Step-by-Step Instructions

Step 1: Identify the Slow Query

Navigate to your Database Observability dashboard. Look for queries with elevated duration (P99 latency spikes) or rising error rates. Click into any query that appears problematic. You'll see detailed time-series data: duration, rows examined, rows returned, wait events, and more. This is your starting point. Skip to Step 2 if you've already identified a query.

Step 2: Open the Grafana Assistant

Once you're on the query detail page, locate the Grafana Assistant panel (usually a chat icon or button labeled "Assistant"). Click to open the assistant interface. A chat box appears, pre-loaded with context from your current view—time range, query text, schema, and execution plan. No need to paste SQL or explain the schema manually.

Step 3: Use Pre-Built AI Prompts

The assistant offers purpose-built AI buttons designed by database engineers. For example, you'll see options like:

  • "Why is this query slow?"
  • "Get recommendations on changes"
  • "Analyze wait events"
Click the "Why is this query slow?" button. The assistant instantly queries your real Prometheus and Loki data sources within the selected time window, using actual metrics, logs, and schema metadata.

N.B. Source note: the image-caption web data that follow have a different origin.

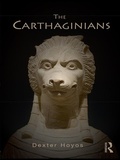 Cover: The Carthaginians - Routledge
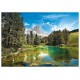 Puzzle lac bleu 1500 pieces photo high quality-lilojouets-morbihan-bretagne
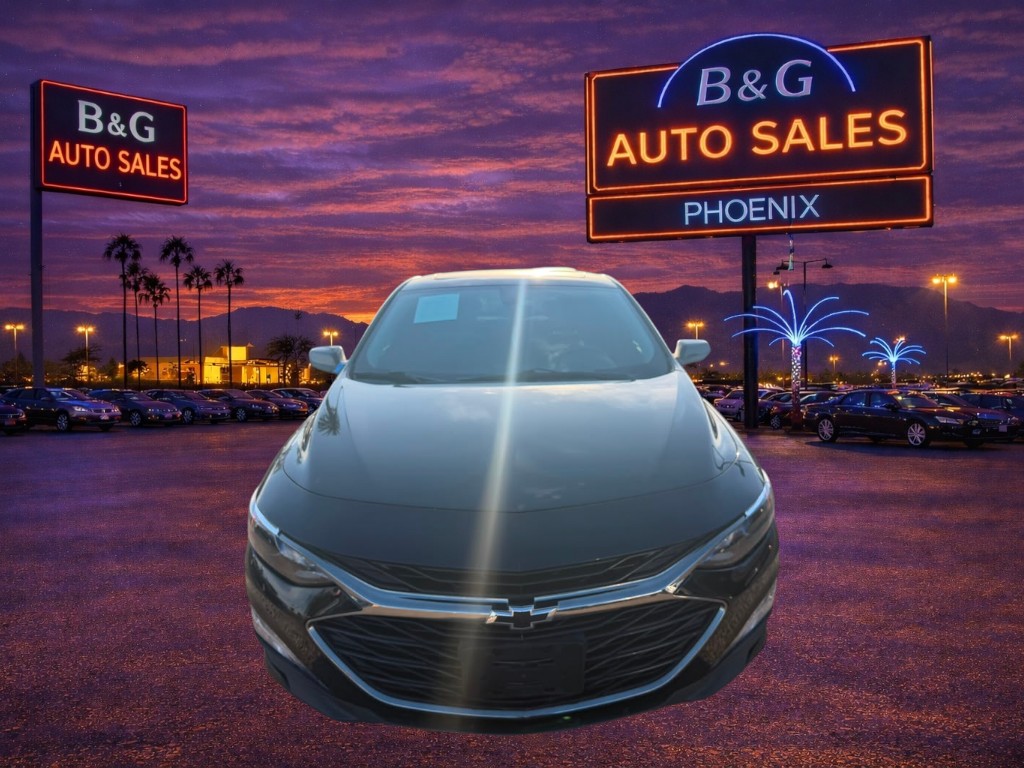 2022 Chevrolet Malibu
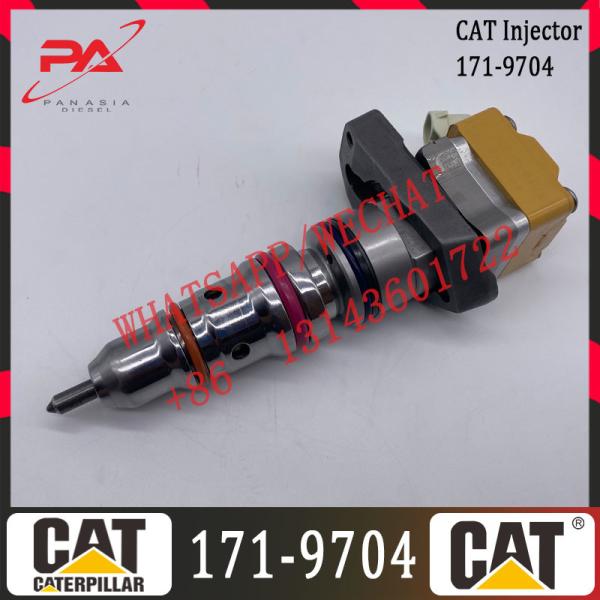 171-9704 196-4229 177-4754 177-4752 C-A-T Diesel 3126B/3126E Engine Common Rail Fuel Injector
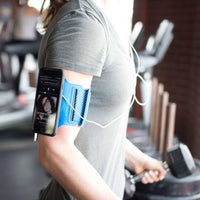 New SP CONNECT RUNNING BAND - BLU SPC53147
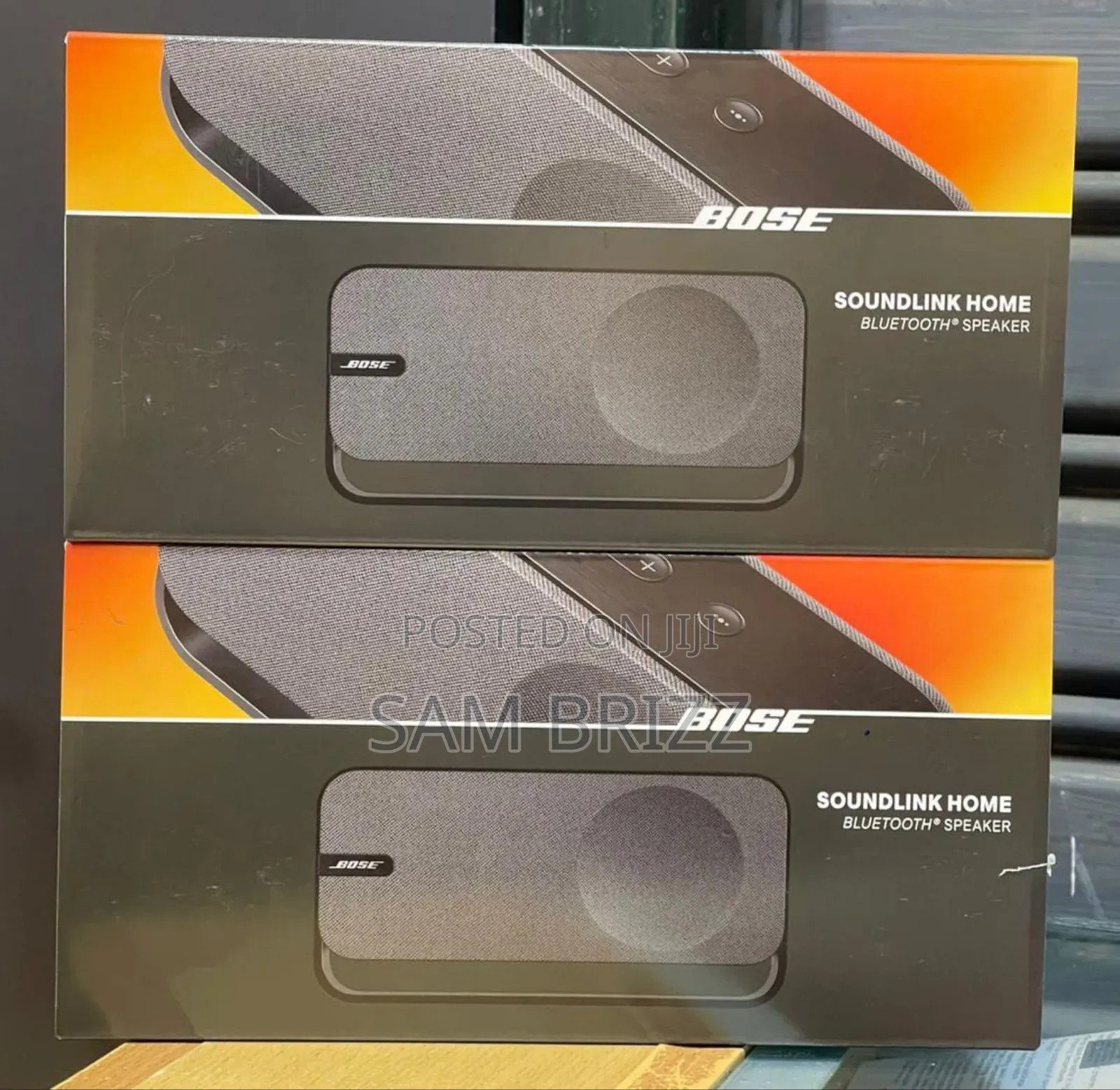 Bose Soundlink Home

Step 4: Analyze the Results

The assistant synthesizes the data into a health assessment. For instance, it might report:

  • Duration is spiking because rows examined are 50 times the rows returned (inefficient filtering).
  • P99 is 12x the median, indicating intermittent slowness.
  • CPU time is healthy, but wait events consume 40% of execution time.
Wait events like wait/synch/mutex/innodb are automatically translated: "During this wait, the database is contending for an internal mutex lock..." The assistant provides specific advice (e.g., "Consider using a covering index to reduce row scanning").

Step 5: Apply Recommendations

Based on the analysis, implement the suggested changes. Open the visual explain plan to confirm the index suggestion or rewrite the query. After applying changes, return to the dashboard and verify metrics (duration, wait events) improve. You can also ask follow-up questions in the same chat without losing context.

Step 6: Repeat or Refine

For other slow queries, repeat Steps 3-5. Use the "Get recommendations" button for proactive optimization. The assistant never stores your query text or schema—each analysis is ephemeral and privacy-preserving.

Tips for Best Results

  • Start with the pre-built prompts—they're optimized for common issues like lock contention, table scans, or high wait times. Generic prompts work too, but the guided buttons offer more precise context.
  • Understand wait events: The assistant demystifies cryptic names (e.g., io/table/sql/handler means I/O overhead from handler actions). Leverage this to pinpoint root causes.
  • Use a narrow time window when possible. The assistant queries actual data, so a focused range (e.g., 15 minutes) yields more actionable results than a 24-hour view.
  • Combine with visual explain plans: After AI suggestions, cross-reference with the visual plan to validate index usage or table access patterns.
  • Iterate quickly: The assistant's real-time querying means you can test changes and re-analyze immediately. No manual reprocessing.
  • Security note: The assistant never uses your data for model training—only for the current context. This ensures sensitive schema remains confidential.

By following these steps, you'll transform vague slowdowns into concrete fixes using Grafana Assistant's AI-powered integration. Happy troubleshooting!